Data entries:
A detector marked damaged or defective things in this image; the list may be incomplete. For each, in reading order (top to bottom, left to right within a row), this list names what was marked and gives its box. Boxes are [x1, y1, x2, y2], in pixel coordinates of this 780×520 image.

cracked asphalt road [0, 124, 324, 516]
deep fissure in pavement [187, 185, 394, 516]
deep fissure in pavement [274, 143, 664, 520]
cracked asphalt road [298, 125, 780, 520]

◆ **What is being asked**:
All of the data above must be retyped exactly.

◆ **Written solution**:
A detector marked damaged or defective things in this image; the list may be incomplete. For each, in reading order (top to bottom, left to right within a row), this list names what was marked and gives its box. Boxes are [x1, y1, x2, y2], in pixel coordinates of this 780×520 image.

cracked asphalt road [0, 124, 324, 516]
deep fissure in pavement [187, 185, 394, 516]
deep fissure in pavement [274, 143, 664, 520]
cracked asphalt road [298, 125, 780, 520]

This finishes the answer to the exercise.